====== Records for the task
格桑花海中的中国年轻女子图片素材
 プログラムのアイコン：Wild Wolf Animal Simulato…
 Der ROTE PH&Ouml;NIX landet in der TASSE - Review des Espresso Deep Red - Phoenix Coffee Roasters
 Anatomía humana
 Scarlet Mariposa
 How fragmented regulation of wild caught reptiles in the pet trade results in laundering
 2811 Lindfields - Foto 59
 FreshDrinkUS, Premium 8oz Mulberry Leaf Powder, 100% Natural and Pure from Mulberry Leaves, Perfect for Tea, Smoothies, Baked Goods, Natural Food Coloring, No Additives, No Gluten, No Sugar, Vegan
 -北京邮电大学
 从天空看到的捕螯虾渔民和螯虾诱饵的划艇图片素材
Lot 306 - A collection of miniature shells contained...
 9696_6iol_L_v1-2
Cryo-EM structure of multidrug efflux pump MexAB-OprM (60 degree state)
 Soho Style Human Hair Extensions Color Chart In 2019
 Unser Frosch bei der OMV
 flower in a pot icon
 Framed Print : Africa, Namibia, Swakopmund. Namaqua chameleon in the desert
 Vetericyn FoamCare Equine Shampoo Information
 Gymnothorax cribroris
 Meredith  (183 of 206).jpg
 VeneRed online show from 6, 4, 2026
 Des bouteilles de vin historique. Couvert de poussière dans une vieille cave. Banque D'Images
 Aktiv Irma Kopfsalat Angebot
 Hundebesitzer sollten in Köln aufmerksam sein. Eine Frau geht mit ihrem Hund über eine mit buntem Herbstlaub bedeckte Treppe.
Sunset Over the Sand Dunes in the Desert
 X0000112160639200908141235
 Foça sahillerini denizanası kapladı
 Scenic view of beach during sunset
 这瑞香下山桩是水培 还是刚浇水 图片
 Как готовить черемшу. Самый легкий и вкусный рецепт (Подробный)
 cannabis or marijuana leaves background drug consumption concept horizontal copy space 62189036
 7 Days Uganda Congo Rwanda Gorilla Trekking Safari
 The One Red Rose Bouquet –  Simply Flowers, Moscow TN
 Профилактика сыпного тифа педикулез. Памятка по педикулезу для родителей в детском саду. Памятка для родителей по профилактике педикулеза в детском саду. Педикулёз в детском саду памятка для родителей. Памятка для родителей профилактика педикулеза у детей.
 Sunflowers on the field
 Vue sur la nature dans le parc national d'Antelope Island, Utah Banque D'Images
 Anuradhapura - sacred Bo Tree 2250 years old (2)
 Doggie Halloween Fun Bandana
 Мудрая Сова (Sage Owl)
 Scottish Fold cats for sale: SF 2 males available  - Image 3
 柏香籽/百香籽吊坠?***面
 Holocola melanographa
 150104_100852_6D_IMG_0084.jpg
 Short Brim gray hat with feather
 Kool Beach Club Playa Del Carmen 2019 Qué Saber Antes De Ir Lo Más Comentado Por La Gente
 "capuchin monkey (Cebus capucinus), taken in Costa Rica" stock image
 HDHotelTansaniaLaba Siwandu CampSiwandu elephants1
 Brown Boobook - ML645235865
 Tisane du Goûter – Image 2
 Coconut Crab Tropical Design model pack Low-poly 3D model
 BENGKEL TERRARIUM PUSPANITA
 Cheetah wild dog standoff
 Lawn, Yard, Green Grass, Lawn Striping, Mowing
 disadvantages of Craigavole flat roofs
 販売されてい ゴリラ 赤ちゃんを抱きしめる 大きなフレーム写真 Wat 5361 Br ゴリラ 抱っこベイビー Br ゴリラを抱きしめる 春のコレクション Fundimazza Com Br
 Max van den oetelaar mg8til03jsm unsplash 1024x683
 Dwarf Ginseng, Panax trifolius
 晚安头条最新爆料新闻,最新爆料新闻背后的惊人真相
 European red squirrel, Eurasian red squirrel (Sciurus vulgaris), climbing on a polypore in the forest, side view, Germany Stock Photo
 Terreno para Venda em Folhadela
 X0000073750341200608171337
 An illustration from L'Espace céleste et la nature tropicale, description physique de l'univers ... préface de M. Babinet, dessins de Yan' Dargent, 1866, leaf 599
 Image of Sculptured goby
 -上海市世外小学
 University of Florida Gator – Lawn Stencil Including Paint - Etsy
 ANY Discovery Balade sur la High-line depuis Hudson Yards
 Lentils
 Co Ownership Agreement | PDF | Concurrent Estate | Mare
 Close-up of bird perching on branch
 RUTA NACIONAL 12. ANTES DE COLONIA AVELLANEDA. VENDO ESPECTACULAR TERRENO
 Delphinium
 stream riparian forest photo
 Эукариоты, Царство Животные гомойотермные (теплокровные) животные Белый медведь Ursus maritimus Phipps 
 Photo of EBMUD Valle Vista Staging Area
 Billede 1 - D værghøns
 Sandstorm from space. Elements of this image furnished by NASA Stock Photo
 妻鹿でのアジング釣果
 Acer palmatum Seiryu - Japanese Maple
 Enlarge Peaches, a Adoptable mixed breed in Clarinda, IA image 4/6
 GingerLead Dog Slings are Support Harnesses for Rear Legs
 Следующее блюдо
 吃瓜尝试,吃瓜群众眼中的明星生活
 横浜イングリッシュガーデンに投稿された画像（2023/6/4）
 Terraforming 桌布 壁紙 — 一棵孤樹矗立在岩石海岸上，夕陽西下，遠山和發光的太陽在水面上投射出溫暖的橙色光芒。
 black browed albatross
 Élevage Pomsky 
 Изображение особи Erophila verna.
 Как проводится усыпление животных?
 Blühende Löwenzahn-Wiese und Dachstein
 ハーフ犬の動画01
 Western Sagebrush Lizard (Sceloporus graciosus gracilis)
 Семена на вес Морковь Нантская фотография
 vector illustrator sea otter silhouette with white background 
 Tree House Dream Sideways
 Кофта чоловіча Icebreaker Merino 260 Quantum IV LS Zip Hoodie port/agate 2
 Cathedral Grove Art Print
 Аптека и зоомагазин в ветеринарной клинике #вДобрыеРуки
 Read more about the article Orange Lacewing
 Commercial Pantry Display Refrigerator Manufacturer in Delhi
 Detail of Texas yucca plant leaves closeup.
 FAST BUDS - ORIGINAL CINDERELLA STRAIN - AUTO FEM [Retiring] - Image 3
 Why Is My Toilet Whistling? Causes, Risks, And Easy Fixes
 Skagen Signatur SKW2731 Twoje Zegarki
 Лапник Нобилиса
============
Give back the records above exactly, limited to the lines between the one holding "Enlarge Peaches, a" and the one holding "Why Is My Toilet", inclusive.

 Enlarge Peaches, a Adoptable mixed breed in Clarinda, IA image 4/6
 GingerLead Dog Slings are Support Harnesses for Rear Legs
 Следующее блюдо
 吃瓜尝试,吃瓜群众眼中的明星生活
 横浜イングリッシュガーデンに投稿された画像（2023/6/4）
 Terraforming 桌布 壁紙 — 一棵孤樹矗立在岩石海岸上，夕陽西下，遠山和發光的太陽在水面上投射出溫暖的橙色光芒。
 black browed albatross
 Élevage Pomsky 
 Изображение особи Erophila verna.
 Как проводится усыпление животных?
 Blühende Löwenzahn-Wiese und Dachstein
 ハーフ犬の動画01
 Western Sagebrush Lizard (Sceloporus graciosus gracilis)
 Семена на вес Морковь Нантская фотография
 vector illustrator sea otter silhouette with white background 
 Tree House Dream Sideways
 Кофта чоловіча Icebreaker Merino 260 Quantum IV LS Zip Hoodie port/agate 2
 Cathedral Grove Art Print
 Аптека и зоомагазин в ветеринарной клинике #вДобрыеРуки
 Read more about the article Orange Lacewing
 Commercial Pantry Display Refrigerator Manufacturer in Delhi
 Detail of Texas yucca plant leaves closeup.
 FAST BUDS - ORIGINAL CINDERELLA STRAIN - AUTO FEM [Retiring] - Image 3
 Why Is My Toilet Whistling? Causes, Risks, And Easy Fixes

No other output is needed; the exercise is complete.